= Ignition Park =

Indiana technology park under development

Ignition Park is a technology park under development in South Bend, Indiana, United States on roughly 140 acre of land south of the city's downtown that were formerly the site of the Studebaker manufacturing complex. Though originally the park was only around 80 acres, after much talk of doing so by city officials, it was expanded to 140 acres.

Together with Innovation Park (located near the campus of the University of Notre Dame), Ignition Park is a part of South Bend's two-site state-certified technology park.

==History of site==
Studebaker, whose plant once occupied the site, had been the city's biggest employer before its 1963 closure.

==Inception of Ignition Park==
Ignition Park was announced in 2008. It represented the municipal government's response to a decision in 2008 by the Semiconductor Research Corporation's Nanoelectronics Research Initiative (NRI) to locate the fourth of its national research centers, known as the Midwest Institute for Nanoelectronics Discovery (MIND), at the University of Notre Dame. Plans were for the park to concentrate on high-potential technologies and ventures, as well as the commercialization of nanotechnology concepts inspired by MIND.

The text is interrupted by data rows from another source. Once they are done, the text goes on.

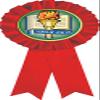 Scholar Athlete Red Rosette Ribbon, Scholar Athlete Trophy Ribbon Award Prize, 100 Pack Prime view 1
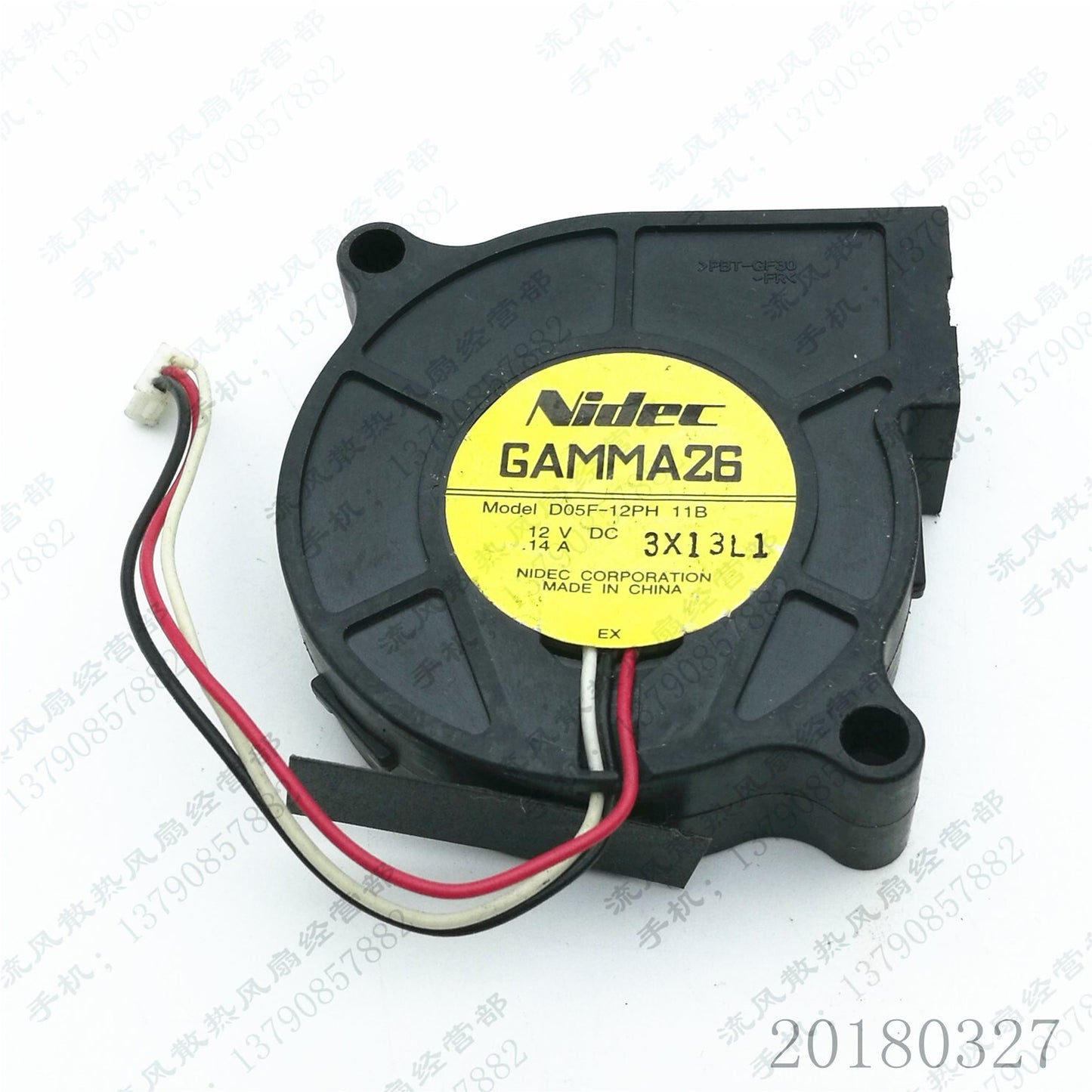 NIDEC D05F-12PH 11B 5015 DC12V 0.14A 5CM 3-Pin Silent Cooling Fan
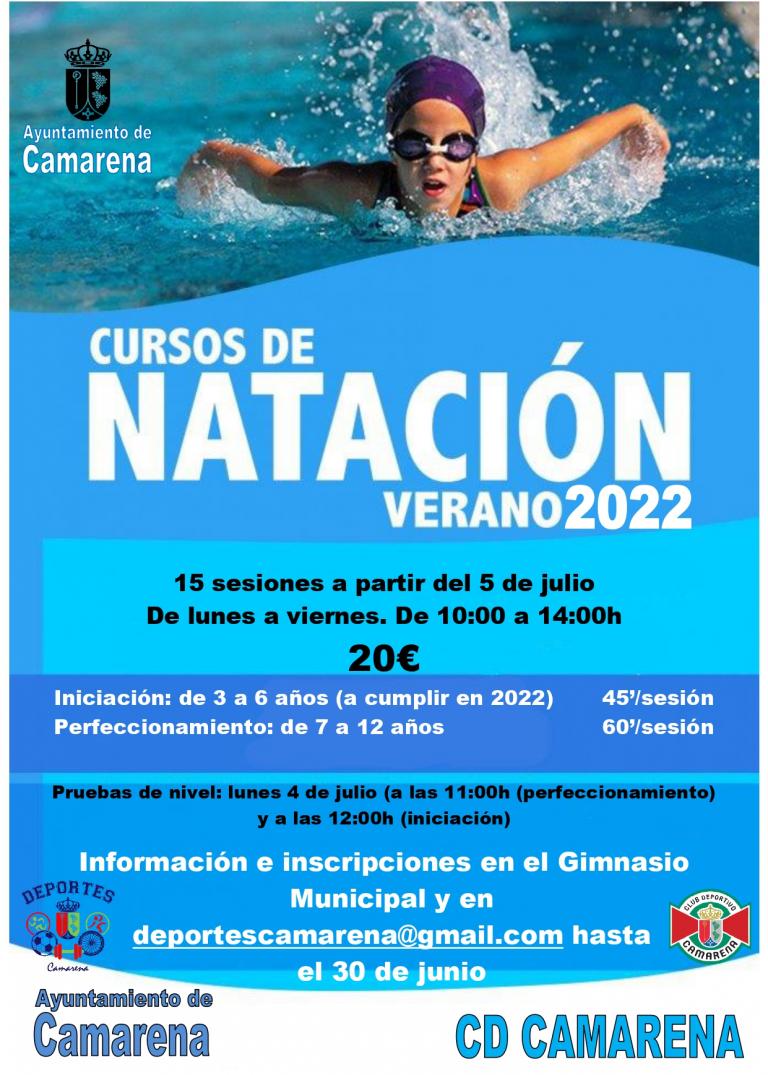 Cursos de Natación de Verano 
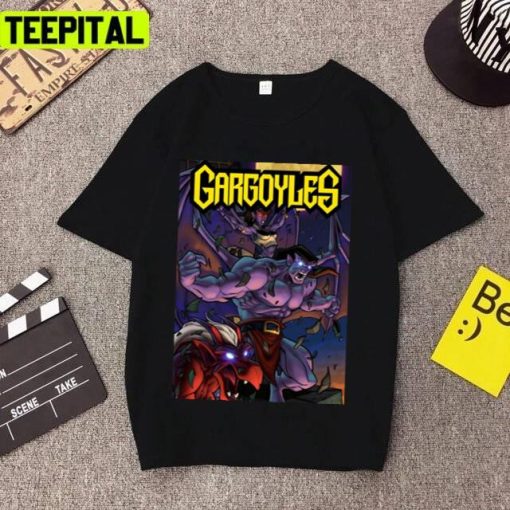 Iconic Design Gargoyles 90s Cartoon Unisex T-Shirt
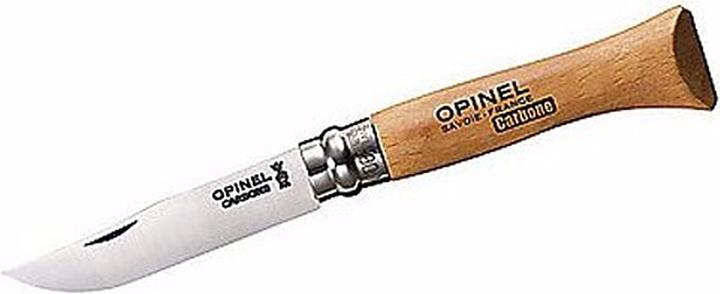 Actual product image Opinel No. 06 Carbon blade with wooden handle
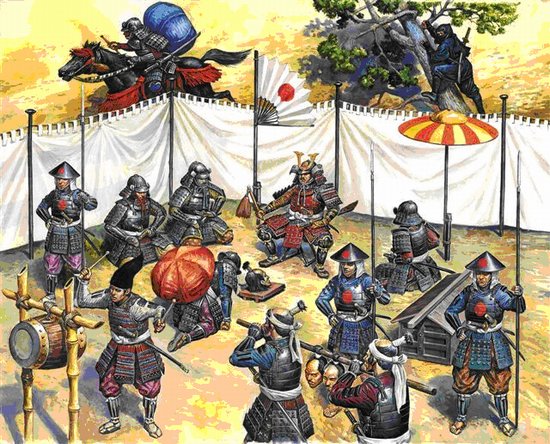 Image 0 of Zvezda 1/72 Samurai Army Head-quarters Staff XVI-XVII AD (28)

Ignition Park is one of the two locations that jointly make up Indiana's first two-site state-certified technology park. The other is Innovation Park at Notre Dame, located on 12 acre on the city's northeast side adjacent to the Notre Dame campus. Innovation Park, developed through a partnership between South Bend and the University of Notre Dame, opened its doors in 2009, and is targeted towards academic research and fostering startup companies. It has been the hope of planners that the companies that that startup at Innovation Park might, once they get their footing, choose to move to Ignition Park when establishing their permanent location. This would keep those startups formed at Innovation Park in the South Bend area. Innovation Park has been described by leadership as acting as a "commercialization bridge" where companies can be located in their period of transition between basic research and building more permanent operations at Ignition Park. South Bend's dual-site technology park (consisting of Ignition Park and Innovation Park) has aimed to compete with technology parks in Chicago and other areas of Illinois.

The technology park's location benefitted from the presence of a fiber-optic trunkline located along the nearby rail corridor. Because of that, Comcast is able to provide tenants of Ignition Park access to its backbone network, which, as of 2014, provided customers with 100-gigabit-per-second service.

==Development of Ignition Park==
By 2011, the city of South Bend had already spent $32 million on planning, property acquisition, environmental work, and demolition for the development of the Ignition Park site, with tens of millions of further dollars of spending anticipated.

In 2011, Dana Realty, which had been operating out of Innovation Park, broke ground on a 45000 sqfoot data center in Ignition Park, which it opened in 2012, giving the park its first tenant. For a few years, it would be the park's lone tenant.

In 2014, Great Lakes Capital bought 13 acres of land in the park which they would be permitted to construct up to four buildings on, with the option of acquiring an addition 11 acres that they could then build a further four buildings on. In 2016, the company finished $12 million of construction on two buildings named "Calayst One" and "Catalyst Two". The buildings contain 90000 sqft of space, and are designed with tech firms as their target tenants. Among the first tenants of the Catalyst Two building was the $36 million Notre Dame Turbomachinery Laboratory.

In June 2018, the South Bend Redevelopment Commissioned approved $2.7 million to develop the new 12000 sqfoot Technology Resource Center in the Catalyst Two building. This "collaboration hub" opened in November 2019.

A partnership between Carrier Global and the University of Notre Dame saw the February 2022 opening of the Willis Carrier Centrifugal Compressor Technology Laboratory, which is meant to provide Notre Dame University students with hands-on experience in the development of HVAC compressors. Carrier intends to utilize the technology that the lab will develop in order to assist the company in meeting its goals for making its products more environmentally-friendly. Carrier and the university agreed to a three-year collaboration, which also saw the creation of the Carrier Center of Excellence at the park's existing Notre Dame Turbomachinery Laboratory.

In December 2019, Press Ganey Associates started construction on a new national headquarters building in the park. Press Ganey was the fifth-largest employer in the South Bend region by that time. The 82064 sqfoot building was completed in 2021. In January 2022, NAS Investments bought the building, and will serve as its property manager.